It’s been said that more people talk about writing than actually write. Writing involves more than putting finger to keyboard or pen to paper. Consider these eight steps to becoming a better writer.
- Set aside 30 minutes a day that’s dedicated to writing. When I taught my “Writing for Fun and Profit” series courses at the local colleges, in one of the courses I challenged students to find 30 minutes a day to write. With all the suggestions made, the best one that works consistently is to schedule the time and honor your commitment to yourself to do something to become a better writer in those 30 minutes.
- Develop your writing voice by listening to yourself talk. You may even try talking aloud to yourself as you sit at your computer or with your spiral notebook.
- Write to a formula or plan. Periodicals like numbers (did the number in the title of this blog post catch your attention?). Nonfiction books use structure (preface, introduction, a number of chapters, about the author, etc.). Genre fiction also uses structure (romance–including all the sub-genres, mystery–including all the sub=genres, etc.).

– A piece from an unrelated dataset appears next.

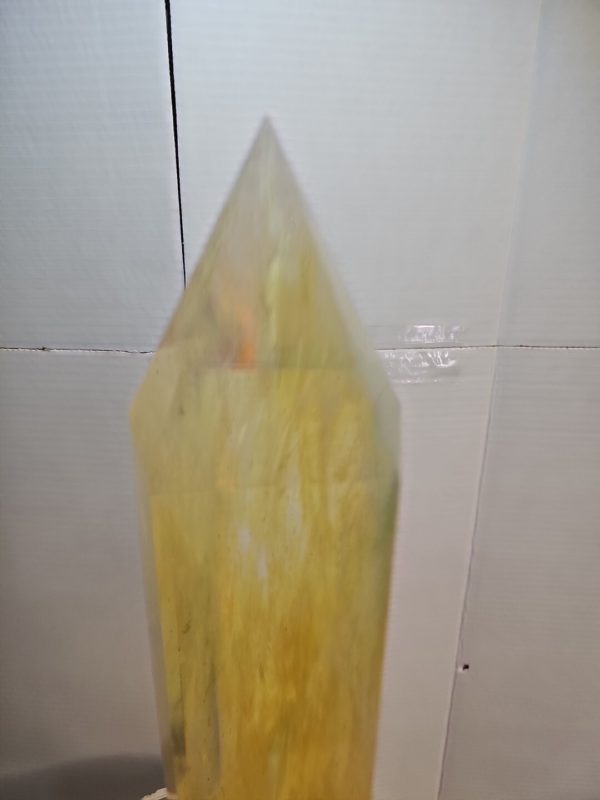 9.05 Lb 18.1" Yellow Smelt Melting Quartz Crystal Point Tower Polished W/Led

- Write questions you think your reader wants answers to. Too often authors know their topics so well that they forget their readers don’t. Your job is to answer all the questions your reader may have because your reader can’t ask you directly while reading.

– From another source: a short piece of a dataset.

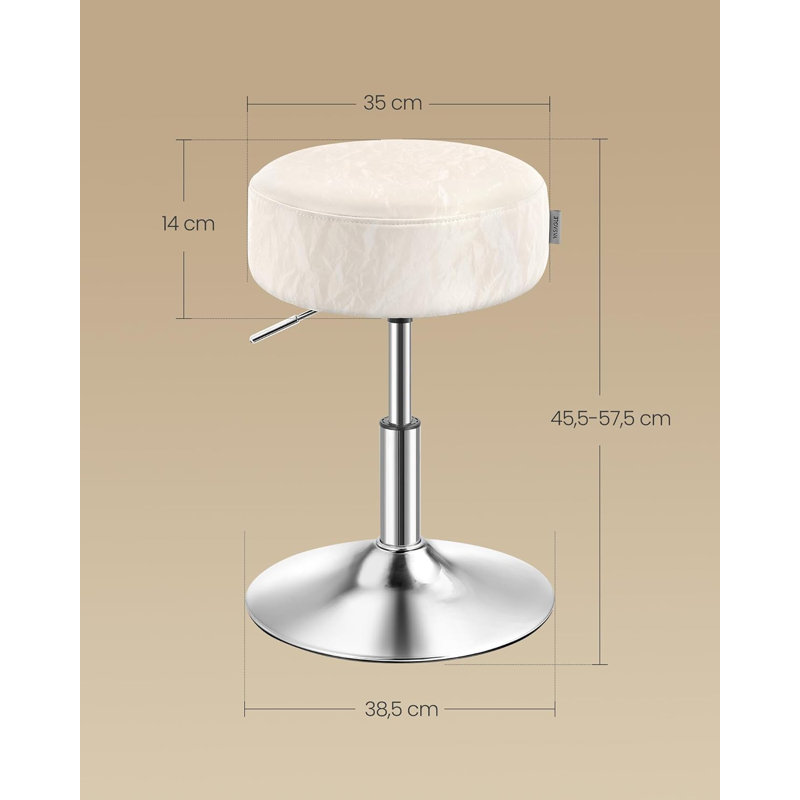 Upholstered Adjustable Height Counter Stool with Metal Frame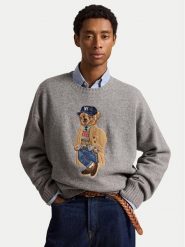 Polo Ralph Lauren Sweter 710B28590001 Szary Relaxed Fit. Szare swetry męskie Polo Ralph Lauren, l, bez wzorów, z wełny, bez kołnierzyka, bez ramiączek. Za 2,899.00 zł.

- Find an editor. You cannot edit your own stuff because you already know what you mean and you’ll see that meaning in your writing–even if it isn’t there.
- Join a writers group. I belonged to one for years that met every Friday afternoon at 1:oo pm. We were a group of four and to keep us on task, we required everyone bring something to read to the group. If a person didn’t bring something to read, he/she had to bring treats (food) for everyone. It’s amazing that no one ever brought food, but they didn’t. Why a writers group? You”ll learn from feedback on the others’ writing as well as from the feedback you get on your own.
- Get the right kind of feedback. By that I mean feedback that encourages you to rethink, to celebrate, to correct, etc. Your family loves you. Your friends love you. They want to encourage you with positive praise. But that’s not helpful if your writing needs work (and whose doesn’t?). What you need is feedback from people who will tell you whether they are likely/unlikely/eager to read on or to read more.
- Read widely and find things you might not otherwise find. Of course you want to read in the area you write in, but you also want to read beyond that. Read fiction, non-fiction, classics, articles. One caution, however, is to read things that are well-written and well-edited so you don’t pick up any bad habits.
You might want to copy just the eight steps (not the explanations) down and post them somewhere to keep you on track.